Dans le militaire aussi, la montée en puissance surprend par sa rapidité. « Elle est liée à celle de l'Armée populaire de libération qui reste leur principal client », relève Mathieu Duchâtel, directeur adjoint du programme Asie à l'European Council on Foreign Relations. CSIC et CSSC sont aussi plus visibles à l'international. En Asie du Sud-Est, ils remportent des contrats d'équipement naval sur des segments plus avancés que dans la décennie précédente. En témoigne des contrats conclus l'an dernier avec la Thaïlande pour la livraison de trois sous-marins et la production de 4 patrouilleurs pour la Malaisie. Alors que les chantiers bénéficient d'un soutien étatique sans faille, ils font des offres alléchantes partout dans le monde, au Brésil, en Argentine, au Pakistan, et même en Pologne…
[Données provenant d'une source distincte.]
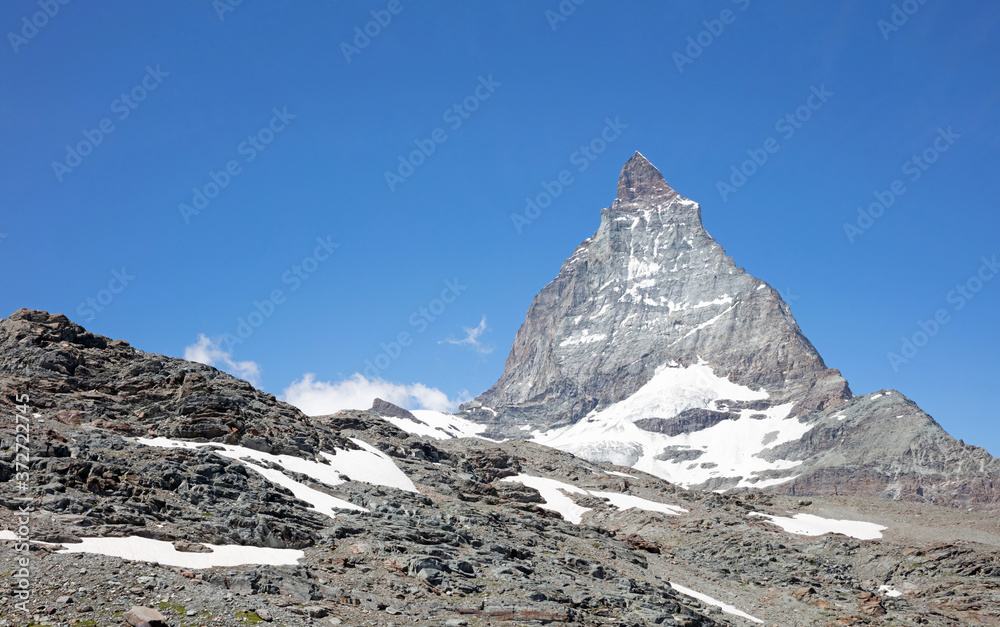 The Matterhorn, the iconic emblem of the Swiss Alps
Face à cette redistribution des cartes, la pression s'accroît sur des acteurs européens comme Naval GroupTKMS ou l'italien Fincantieri, qui ont besoin d'exporter. Il y a peu, les Européens régnaient seuls sur l'exportation de navires militaires. Ce temps est révolu. « Le retard technologique de la Chine a longtemps été compensé par son agressivité commerciale, mais la montée en gamme de ses constructeurs navals les amènera à très court terme à se positionner en concurrent direct des groupes européens », juge un industriel.

Les avertissements de Naval Group

Face à la montée en puissance de la construction navale chinoise, Hervé Guillou, PDG de Naval Group, met en garde contre ce qu'il appelle « le syndrome TGV ». Ces constructeurs ferroviaires européens, qui ont tous été contraints à des mariages forcés pour survivre face à CSR, le constructeur chinois. Pour éviter cela, Hervé Guillou défend bec et ongle son projet de rapprochement avec le grand chantier italien Fincantieri. Faute de persuader ses actionnaires de mener un échange d'actions, il oeuvre à la création d'un joint-venture pour mener des recherches en commun, aller à l'export ensemble, et faire peu à peu la preuve de l'utilité de cette union.

Le gouvernement chinois encourage aussi à la consolidation. Les rumeurs de rapprochement entre CSIC et CSSC ont resurgi en début d'année, la Chine cherchant à asseoir son leadership mondial sur un secteur jugé prioritaire dans son plan « Made in China 2025 ». Le géant issu d'une telle fusion atteindrait deux fois le chiffre d'affaires combiné des trois sociétés sud-coréennes Hyundai Heavy Industries, Daewoo Shipbuilding et Samsun Heavy Industries. Les ambitions maritimes de la Chine ne font que commencer.